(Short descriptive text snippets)
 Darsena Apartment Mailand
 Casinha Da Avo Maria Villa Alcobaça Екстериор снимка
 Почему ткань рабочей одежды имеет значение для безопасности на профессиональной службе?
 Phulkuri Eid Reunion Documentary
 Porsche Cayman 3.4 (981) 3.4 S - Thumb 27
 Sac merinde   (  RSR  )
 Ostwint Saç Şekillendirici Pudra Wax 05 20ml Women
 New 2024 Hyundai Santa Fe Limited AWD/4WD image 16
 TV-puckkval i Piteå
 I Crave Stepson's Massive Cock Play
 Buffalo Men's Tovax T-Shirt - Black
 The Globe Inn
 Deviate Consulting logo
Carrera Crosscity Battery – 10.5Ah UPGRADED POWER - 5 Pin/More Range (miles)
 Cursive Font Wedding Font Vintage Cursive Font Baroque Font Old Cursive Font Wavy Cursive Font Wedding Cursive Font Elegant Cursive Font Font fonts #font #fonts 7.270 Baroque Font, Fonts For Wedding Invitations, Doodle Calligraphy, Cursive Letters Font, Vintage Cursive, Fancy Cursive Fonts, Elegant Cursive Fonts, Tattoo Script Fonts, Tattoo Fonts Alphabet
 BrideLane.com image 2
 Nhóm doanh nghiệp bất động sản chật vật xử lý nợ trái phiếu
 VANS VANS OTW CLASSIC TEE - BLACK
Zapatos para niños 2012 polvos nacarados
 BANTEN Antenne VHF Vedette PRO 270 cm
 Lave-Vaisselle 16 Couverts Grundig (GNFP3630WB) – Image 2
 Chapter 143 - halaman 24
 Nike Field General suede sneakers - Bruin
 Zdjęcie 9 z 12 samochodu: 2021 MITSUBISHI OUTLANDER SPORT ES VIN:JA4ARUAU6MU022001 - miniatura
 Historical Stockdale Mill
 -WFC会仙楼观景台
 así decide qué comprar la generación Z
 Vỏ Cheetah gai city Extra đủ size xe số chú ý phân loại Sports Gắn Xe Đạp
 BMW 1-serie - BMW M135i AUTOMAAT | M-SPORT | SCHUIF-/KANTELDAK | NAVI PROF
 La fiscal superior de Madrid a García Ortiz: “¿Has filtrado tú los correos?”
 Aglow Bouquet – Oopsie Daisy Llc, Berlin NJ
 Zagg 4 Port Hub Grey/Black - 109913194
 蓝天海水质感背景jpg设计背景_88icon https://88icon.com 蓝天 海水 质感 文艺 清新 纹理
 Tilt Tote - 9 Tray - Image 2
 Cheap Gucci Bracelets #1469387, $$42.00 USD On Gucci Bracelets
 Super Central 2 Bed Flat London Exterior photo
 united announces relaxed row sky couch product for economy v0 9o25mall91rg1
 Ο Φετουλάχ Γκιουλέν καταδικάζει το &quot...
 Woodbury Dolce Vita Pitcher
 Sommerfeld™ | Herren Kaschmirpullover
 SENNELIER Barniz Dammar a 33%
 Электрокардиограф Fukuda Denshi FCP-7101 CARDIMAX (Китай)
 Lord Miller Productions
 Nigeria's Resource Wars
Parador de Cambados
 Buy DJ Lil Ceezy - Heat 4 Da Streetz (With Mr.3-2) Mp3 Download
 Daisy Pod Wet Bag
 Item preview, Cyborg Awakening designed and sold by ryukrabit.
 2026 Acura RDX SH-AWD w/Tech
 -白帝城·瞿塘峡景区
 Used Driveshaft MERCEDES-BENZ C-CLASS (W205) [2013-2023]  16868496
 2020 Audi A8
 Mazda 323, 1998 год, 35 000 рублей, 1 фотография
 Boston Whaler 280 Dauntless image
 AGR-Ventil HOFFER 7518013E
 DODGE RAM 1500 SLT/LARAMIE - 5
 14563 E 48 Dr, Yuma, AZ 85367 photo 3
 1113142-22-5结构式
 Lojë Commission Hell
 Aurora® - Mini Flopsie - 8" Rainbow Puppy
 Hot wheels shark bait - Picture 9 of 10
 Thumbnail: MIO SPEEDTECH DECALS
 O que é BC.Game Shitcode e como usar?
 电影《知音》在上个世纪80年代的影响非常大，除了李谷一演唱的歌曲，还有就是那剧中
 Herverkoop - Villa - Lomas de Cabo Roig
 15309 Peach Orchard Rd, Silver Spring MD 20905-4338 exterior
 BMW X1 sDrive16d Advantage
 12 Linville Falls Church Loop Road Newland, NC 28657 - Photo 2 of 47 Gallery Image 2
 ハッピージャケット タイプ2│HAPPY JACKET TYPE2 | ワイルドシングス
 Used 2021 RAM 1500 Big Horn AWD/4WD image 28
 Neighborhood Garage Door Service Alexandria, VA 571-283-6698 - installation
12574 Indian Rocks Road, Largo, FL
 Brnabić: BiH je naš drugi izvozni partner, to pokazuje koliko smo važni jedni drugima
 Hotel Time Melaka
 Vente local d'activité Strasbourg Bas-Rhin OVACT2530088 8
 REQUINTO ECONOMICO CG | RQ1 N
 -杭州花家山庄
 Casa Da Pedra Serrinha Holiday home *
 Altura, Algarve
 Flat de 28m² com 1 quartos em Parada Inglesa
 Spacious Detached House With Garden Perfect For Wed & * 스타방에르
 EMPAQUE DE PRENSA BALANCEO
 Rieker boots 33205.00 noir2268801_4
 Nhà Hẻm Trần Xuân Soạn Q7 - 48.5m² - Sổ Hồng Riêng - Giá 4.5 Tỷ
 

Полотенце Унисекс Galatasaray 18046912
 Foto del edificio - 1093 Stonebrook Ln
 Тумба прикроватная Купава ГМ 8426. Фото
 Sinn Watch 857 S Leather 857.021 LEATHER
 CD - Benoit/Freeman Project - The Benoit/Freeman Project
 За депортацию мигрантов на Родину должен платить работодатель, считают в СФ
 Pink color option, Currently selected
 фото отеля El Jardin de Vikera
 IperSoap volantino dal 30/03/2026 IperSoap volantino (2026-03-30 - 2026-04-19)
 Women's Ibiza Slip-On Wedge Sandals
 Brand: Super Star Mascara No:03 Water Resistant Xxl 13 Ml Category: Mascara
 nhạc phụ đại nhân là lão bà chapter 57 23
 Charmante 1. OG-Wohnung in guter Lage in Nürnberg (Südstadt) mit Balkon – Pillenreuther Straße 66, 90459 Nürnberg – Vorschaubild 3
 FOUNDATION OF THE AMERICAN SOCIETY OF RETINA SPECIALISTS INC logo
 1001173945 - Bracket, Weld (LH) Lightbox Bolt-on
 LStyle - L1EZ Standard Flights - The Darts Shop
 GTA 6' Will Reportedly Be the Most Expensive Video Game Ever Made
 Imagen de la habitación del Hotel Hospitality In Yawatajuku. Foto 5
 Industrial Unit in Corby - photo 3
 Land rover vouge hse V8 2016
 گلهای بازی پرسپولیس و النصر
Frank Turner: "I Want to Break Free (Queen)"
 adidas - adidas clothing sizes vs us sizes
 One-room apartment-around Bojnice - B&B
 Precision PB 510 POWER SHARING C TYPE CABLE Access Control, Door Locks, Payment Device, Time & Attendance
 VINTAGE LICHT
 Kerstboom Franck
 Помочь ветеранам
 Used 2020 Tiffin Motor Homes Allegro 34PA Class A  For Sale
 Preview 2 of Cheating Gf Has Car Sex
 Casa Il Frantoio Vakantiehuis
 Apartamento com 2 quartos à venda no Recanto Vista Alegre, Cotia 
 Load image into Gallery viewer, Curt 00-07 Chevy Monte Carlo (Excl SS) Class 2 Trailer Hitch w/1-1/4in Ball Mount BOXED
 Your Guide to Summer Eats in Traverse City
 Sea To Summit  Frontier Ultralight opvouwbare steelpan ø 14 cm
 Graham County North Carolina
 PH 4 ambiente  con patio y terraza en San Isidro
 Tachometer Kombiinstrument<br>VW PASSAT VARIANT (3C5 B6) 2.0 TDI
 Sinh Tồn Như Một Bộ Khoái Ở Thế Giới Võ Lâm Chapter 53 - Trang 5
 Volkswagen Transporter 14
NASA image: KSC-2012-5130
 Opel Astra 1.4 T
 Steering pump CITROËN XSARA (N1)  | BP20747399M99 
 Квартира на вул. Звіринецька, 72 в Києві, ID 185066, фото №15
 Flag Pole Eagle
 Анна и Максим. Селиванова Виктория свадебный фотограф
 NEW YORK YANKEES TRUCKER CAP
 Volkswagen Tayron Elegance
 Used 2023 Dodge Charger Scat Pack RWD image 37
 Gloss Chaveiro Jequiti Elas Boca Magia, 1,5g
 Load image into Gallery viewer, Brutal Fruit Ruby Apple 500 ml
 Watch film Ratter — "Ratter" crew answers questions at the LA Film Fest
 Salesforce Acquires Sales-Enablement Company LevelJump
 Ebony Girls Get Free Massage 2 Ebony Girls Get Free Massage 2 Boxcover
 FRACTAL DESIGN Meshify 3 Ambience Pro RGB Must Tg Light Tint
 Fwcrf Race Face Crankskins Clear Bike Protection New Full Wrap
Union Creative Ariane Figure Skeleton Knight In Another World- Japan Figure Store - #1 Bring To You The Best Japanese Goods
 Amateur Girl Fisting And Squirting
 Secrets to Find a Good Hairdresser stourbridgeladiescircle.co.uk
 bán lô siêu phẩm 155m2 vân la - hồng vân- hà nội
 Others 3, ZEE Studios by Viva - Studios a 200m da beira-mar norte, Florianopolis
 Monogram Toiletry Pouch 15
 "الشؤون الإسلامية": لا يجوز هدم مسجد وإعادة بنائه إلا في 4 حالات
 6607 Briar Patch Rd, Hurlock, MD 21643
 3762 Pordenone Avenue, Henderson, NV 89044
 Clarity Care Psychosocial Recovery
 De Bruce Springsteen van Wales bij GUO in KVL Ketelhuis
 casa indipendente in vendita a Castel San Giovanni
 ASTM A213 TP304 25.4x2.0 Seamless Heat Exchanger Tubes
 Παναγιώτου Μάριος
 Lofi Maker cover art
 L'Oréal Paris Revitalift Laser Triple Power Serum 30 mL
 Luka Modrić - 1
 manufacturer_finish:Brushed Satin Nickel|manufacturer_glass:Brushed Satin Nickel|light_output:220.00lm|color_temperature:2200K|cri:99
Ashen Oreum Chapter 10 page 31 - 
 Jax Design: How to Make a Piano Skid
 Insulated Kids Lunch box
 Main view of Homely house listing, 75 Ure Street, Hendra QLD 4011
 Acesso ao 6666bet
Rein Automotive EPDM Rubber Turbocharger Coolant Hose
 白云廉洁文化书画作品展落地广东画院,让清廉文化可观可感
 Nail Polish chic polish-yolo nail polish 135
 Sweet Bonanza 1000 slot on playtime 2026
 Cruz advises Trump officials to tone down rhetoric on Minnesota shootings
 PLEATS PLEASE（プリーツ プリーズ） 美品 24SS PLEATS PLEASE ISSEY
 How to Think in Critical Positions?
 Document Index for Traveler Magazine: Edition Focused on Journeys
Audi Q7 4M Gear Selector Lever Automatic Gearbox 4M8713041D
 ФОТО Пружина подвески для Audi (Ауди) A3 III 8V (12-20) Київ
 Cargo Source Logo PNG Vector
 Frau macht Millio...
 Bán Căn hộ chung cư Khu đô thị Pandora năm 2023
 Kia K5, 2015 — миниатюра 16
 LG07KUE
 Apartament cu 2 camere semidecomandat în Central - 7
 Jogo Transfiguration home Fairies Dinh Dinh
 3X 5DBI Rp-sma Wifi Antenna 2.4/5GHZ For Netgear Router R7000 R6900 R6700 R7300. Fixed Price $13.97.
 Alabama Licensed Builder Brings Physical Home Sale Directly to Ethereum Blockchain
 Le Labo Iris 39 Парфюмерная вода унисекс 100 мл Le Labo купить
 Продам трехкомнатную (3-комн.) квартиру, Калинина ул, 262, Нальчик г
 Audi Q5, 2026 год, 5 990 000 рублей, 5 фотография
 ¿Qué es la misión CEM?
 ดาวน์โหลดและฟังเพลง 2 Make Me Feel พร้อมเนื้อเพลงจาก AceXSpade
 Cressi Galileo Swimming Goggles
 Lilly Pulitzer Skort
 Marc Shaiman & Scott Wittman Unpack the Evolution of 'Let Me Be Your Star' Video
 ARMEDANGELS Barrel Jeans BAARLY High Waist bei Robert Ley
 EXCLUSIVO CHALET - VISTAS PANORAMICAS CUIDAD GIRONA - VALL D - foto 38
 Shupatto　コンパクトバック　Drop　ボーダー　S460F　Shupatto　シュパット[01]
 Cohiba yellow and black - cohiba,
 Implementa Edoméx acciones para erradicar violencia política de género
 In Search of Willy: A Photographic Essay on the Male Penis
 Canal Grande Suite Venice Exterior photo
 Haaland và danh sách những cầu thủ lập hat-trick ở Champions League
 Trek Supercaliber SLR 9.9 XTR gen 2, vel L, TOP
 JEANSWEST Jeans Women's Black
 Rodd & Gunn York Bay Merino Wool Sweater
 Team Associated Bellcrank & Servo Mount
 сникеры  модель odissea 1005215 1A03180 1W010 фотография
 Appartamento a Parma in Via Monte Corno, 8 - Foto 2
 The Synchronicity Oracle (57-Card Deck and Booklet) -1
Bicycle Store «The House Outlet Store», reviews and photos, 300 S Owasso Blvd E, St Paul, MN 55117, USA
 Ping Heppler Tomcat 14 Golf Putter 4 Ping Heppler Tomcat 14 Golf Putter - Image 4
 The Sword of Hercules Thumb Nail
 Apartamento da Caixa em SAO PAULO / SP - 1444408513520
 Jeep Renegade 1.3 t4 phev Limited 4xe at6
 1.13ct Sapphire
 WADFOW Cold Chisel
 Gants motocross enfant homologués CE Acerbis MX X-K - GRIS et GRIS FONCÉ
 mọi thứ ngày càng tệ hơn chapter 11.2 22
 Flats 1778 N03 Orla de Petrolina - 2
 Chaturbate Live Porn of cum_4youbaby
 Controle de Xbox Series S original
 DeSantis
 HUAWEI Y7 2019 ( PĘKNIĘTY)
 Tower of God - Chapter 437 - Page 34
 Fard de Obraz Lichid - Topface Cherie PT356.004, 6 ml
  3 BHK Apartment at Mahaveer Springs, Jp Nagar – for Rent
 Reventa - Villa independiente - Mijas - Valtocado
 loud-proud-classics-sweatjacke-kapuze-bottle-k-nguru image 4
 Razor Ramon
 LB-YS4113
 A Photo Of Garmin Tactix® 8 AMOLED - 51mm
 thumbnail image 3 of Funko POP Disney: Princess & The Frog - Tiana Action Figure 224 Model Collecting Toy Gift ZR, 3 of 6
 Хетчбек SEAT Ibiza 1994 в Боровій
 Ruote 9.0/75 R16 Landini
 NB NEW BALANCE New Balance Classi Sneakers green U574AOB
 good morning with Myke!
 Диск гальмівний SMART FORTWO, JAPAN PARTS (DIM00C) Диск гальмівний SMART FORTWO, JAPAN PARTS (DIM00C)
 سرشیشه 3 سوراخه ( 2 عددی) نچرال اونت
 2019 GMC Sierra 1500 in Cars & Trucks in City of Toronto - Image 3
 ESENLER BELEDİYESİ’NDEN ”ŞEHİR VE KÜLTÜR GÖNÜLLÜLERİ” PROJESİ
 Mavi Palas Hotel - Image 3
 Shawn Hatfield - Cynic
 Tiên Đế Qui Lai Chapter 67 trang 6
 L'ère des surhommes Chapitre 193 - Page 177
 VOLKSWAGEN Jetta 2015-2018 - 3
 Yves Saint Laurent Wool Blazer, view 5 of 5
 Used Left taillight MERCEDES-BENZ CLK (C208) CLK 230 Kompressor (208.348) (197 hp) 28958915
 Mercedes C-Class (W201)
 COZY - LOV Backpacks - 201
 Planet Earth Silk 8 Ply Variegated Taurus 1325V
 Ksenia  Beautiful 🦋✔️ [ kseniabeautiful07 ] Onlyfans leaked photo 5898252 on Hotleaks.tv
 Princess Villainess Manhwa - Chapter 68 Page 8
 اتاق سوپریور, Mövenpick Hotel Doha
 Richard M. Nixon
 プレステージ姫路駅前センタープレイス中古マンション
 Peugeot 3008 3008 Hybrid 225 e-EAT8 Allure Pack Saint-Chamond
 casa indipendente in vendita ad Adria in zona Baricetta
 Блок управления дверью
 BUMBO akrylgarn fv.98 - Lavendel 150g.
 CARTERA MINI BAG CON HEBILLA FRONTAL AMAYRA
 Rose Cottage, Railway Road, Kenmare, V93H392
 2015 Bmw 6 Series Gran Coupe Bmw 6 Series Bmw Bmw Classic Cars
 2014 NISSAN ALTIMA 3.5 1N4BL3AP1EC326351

What is required: Return the lines above precisely as they appear, beginning at the first line and ending at the line with "Porsche Cayman 3.4 (981) 3.4 S - Thumb 27", and nothing after it.

Solution to this task:
 Darsena Apartment Mailand
 Casinha Da Avo Maria Villa Alcobaça Екстериор снимка
 Почему ткань рабочей одежды имеет значение для безопасности на профессиональной службе?
 Phulkuri Eid Reunion Documentary
 Porsche Cayman 3.4 (981) 3.4 S - Thumb 27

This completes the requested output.